Yes, people should have the right to vote in "the 
political bodies to which they belong." However, 
the vast majority of people, in democracies, only 
belong to one political body, the overall 
electorate. They don't belong to the Town 
Council, the State Legislature, the Federal 
Legislature. They have the right to vote of 
citizens in the city, state, nation. And they 
vote for people to *represent them*.

Many of us here are working for systems that more 
fairly create actual representation. Demoex 
attempts to turn the governmental process into 
direct democracy, which is classically known to 
break down when the size gets above some value. 
(I was just having this conversation, some think 
it starts to break down at about 30 people, 
long-term. If most of my small town's voters 
actually showed up at Town Meeting, that would be 
about 600 voters. Completely untenable for any 
serious, deep discussion. If that discussion is 
going to happen, it has to happen outside of Town 
Meeting, which means it's advisory.

Giving advice, as distinct from attempting to 
control, would have been the proper role of 
Demoex. They can elect a member who is specially 
pledged to *respect* that advice, and to review 
the discussions, but I highly recommend electing 
such a representative as being someone trusted to 
make apparently contrary decisions, on the spot, 
as the representative see's fit for the welfare of the town.

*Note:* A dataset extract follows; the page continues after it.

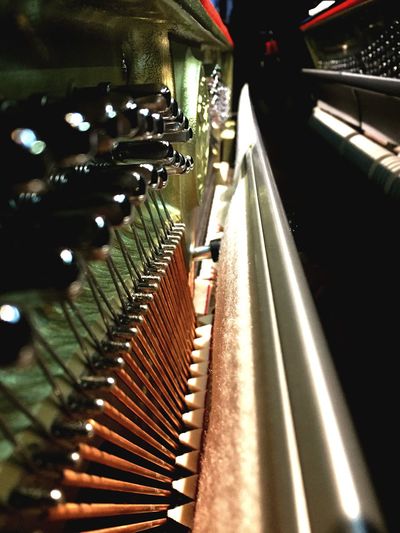 Close-up view of a row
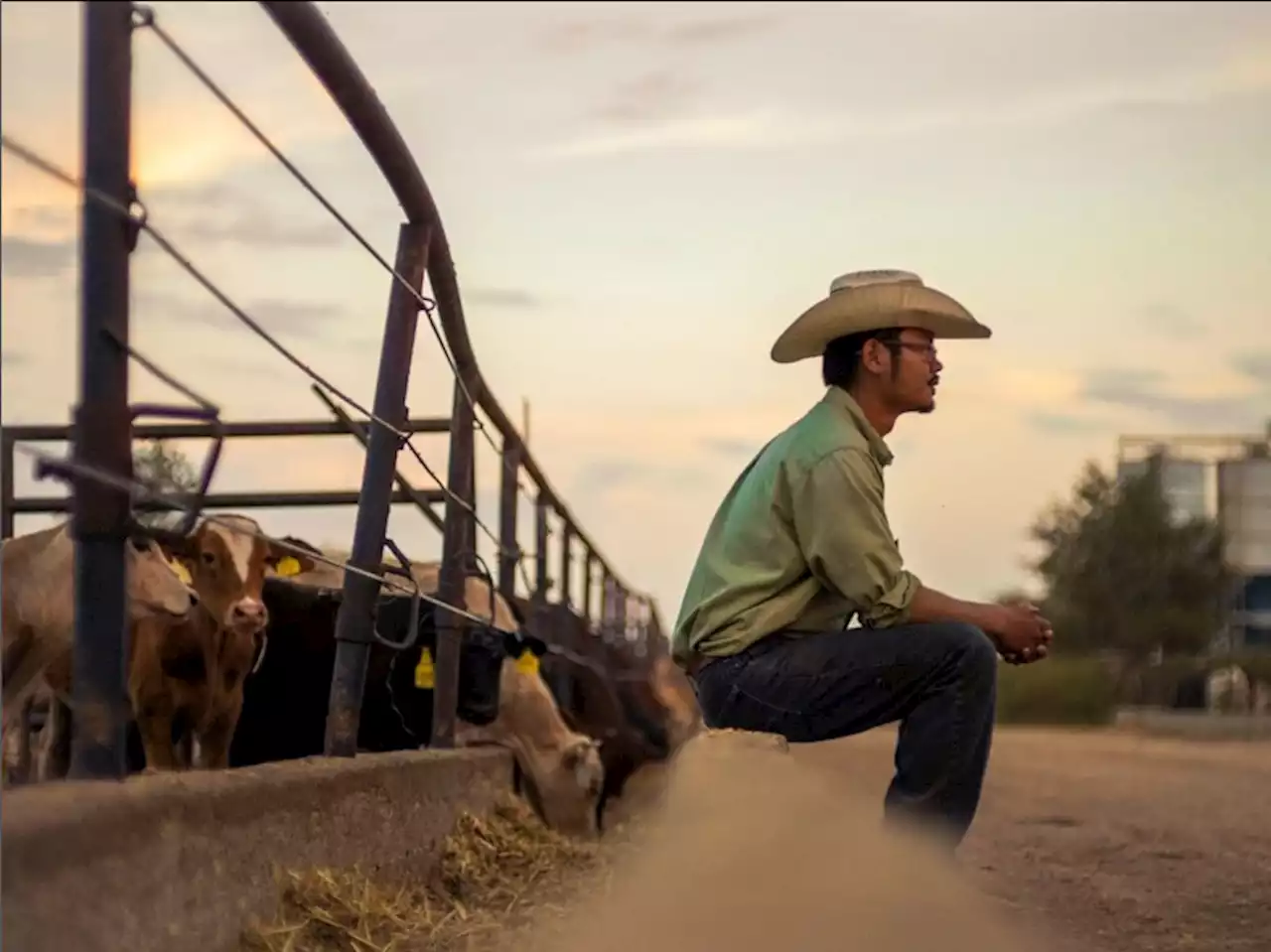 Meet the Chinese Cowboy in Texas defying Asian stereotypes with a southern drawl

What has been set up with Demoex is a system 
which, instead, serves the expressed opinions of 
a *party*. Does it allow negotiated compromise?

To get more information, I'll need to look at 
sites in Swedish. First of all, the election results are on this page:

It looks like there were 21,880 eligible voters. 
Of these, 83.52% actually voted. There are 8 
parties that got more votes than Demoex. One of 
the pages, the Demoex or blog page, mentioned the 
Swedish Democrats, as Bad in some way. Looking at 
the election results, it's obvious why. For the 
two parties, which are at the bottom of the list, 
there being only a category of Other Parties that 
got 0.7% of the vote, 2006 and 2010 results 
follow, with percentages based on a total of 
18,373 non-blank and non-spoiled votes:

                 2006    2010
Demoex          2.85%   1.76%
SD              1.12%   2.68%

In 2006, Demoex was supported by 471 voters. In 
spite of total turnout increasing from 16528 to 
18373, Demoex was only supported in 2010 by 323 
voters. In 2010, they did no better than in 2002, 
their first election. SD overtook them, but it's 
totally unclear whether or not SD actually took votes from Demoex.

If Demoex reconstituted itself as an advisory 
organization, with either an elected 
representative, or a *report by Demoex process* 
of a different party's representative (which 
might, in fact, be cleaner and more sustainable), 
they could still turn things around.

Another piece of information: The current 
demoex.net site claims that if the number of 
voters reaches 24,000 in 2014, there will be 51 seats elected.

So what they have is about one seat out of fifty.

If they elect to keep running a candidate, I'd 
revise the conditions, and elect someone trusted 
to review the Demoex deliberations, and, as I 
mentioned above, to *respect* them, which does 
not necessarily mean following them. It would 
mean that arguments raised in Demoex would either 
be rejected by Demoex's own representative, who 
would explain his or her decision to the party 
strucutre, or accepted and forwarded to the Council.

If the goal is to eliminate partisanship, then 
*the process must eliminate partisanship,* 
including "Demoex partisanship." To accomplish 
the goal of *citizen participation,* Demoex only 
needs one seat, but it could elect more.

Notice on the elections page, that they are *at 
the bottom*, except for the very tiny result for "other parties."

Calling for the imitation of Demoex at this point 
is calling for the imitation of a process that 
has only been successful in a narrow way. It's 
not growing, but Per is looking toward being a force on the world stage.